What is expected:
Should a picture appear anywhere in the data, omit it and copy everything else exactly.

Source data:
- - -
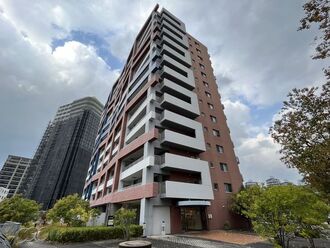 ネクサス香椎セントラルガーデンウエストサイド6号棟の外観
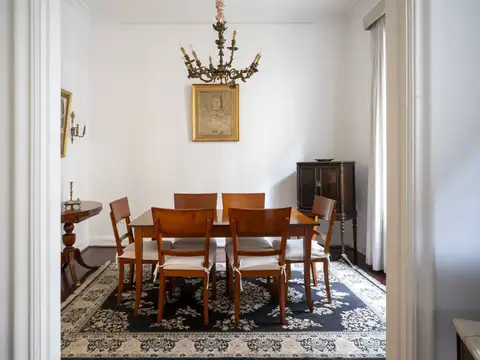 Av. Alvear 1700, Piso 0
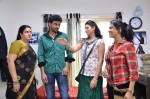 vizhi-moodi-yosithal-tamil-movie-stills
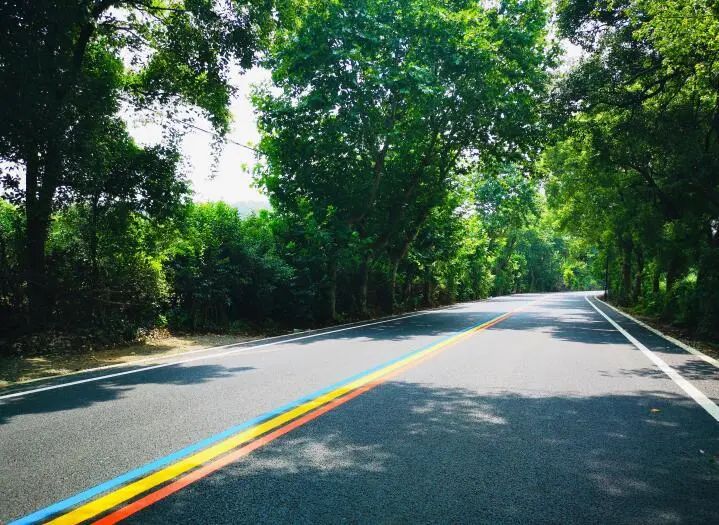 打造全国最干净城市无锡最长彩虹公路来了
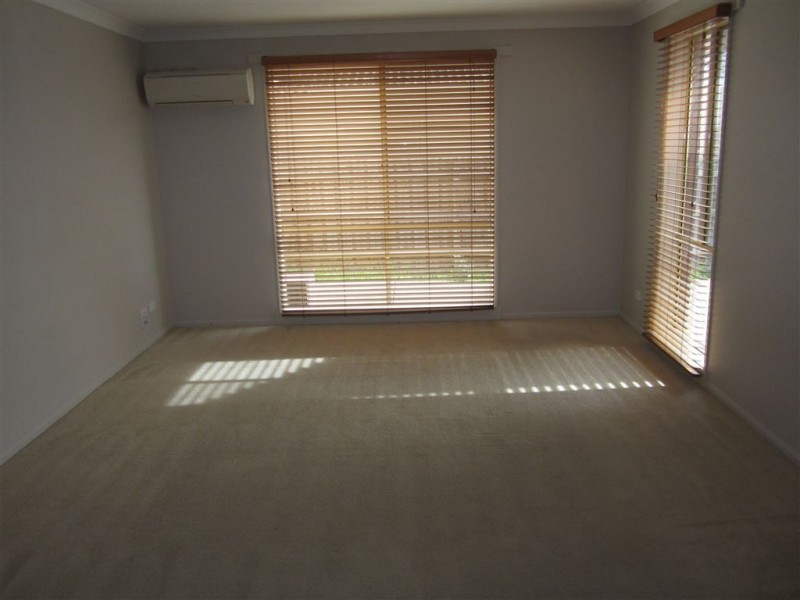 8 Fouz Mews, Cranbourne VIC 3977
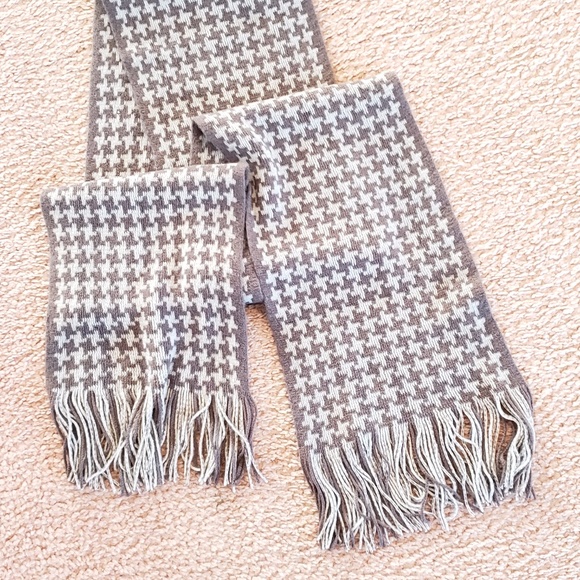 NWOT NEW Light Dark Gray Tassels Patterned Scarf - Picture 2 of 7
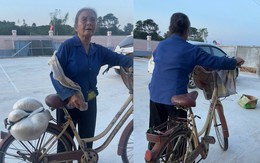 Xôn xao cụ bà 72 tuổi đạp xe chở 20kg gạo đi hỗ trợ bà con vùng lũ
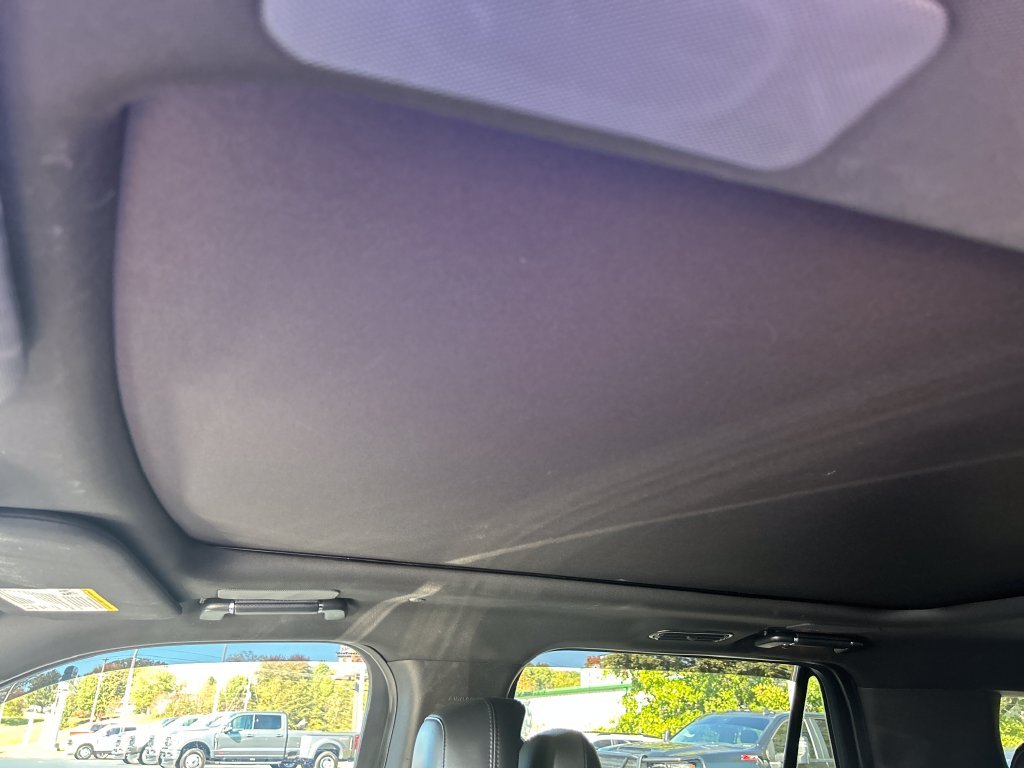 Used 2022 Silver Lincoln Reserve image 24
- - -
Solution:
 ネクサス香椎セントラルガーデンウエストサイド6号棟の外観
 Av. Alvear 1700, Piso 0
 vizhi-moodi-yosithal-tamil-movie-stills
 打造全国最干净城市无锡最长彩虹公路来了
 8 Fouz Mews, Cranbourne VIC 3977
 NWOT NEW Light Dark Gray Tassels Patterned Scarf - Picture 2 of 7
 Xôn xao cụ bà 72 tuổi đạp xe chở 20kg gạo đi hỗ trợ bà con vùng lũ
 Used 2022 Silver Lincoln Reserve image 24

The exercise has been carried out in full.